Je suis historien et géographe de formation. J'ai été enseignant-formateur à l’Ecole Normale Supérieure (ENS) de Dakar, puis en charge de différentes structures et directions administratives. A la retraite depuis plusieurs années, je profite de ma liberté recouvrée pour assouvir une vieille passion : écrire. Ces dernières années, j’ai publié deux romans («Mon villages au temps des blancs » en 2000 et «La Raparille» en 2010) ainsi que trois essais (« A mes chers parents gaulois » en 2007 ; "Wade Mecum ou le wadisme en 15 mots" en 2010; "Le temps des choses jamais vues : chronique des années Wade-Sarkozy", 2013).

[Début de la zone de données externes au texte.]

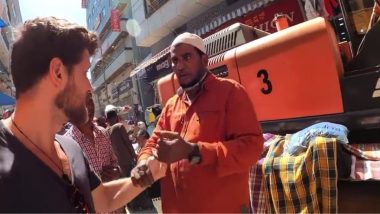 कर्नाटक मध्ये Dutch vlogger Pedro Mota सोबत वर्दळीच्या रस्त्यात गैरवर्तणूक; पोलिस स्टेशन मध्ये गुन्हा दाखल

Je publie régulièrement des chroniques dans divers journaux sénégalais (en particulier « Nouvel Horizon » et "Sud Quotidien").

mardi 13 janvier 2009

J'AI SURVECU A ZAM ZAM...

Si le premier devoir d’un gouvernement est de préserver la vie et d’assurer la sécurité des biens des populations sur lesquelles il exerce son autorité, alors les premiers responsables de ce pays ont failli à l’une de leurs missions essentielles en octroyant à la fantomatique société ZamZam le monopole – juteux - de l’acheminement des pèlerins sénégalais aux Lieux Saints de l’Islam.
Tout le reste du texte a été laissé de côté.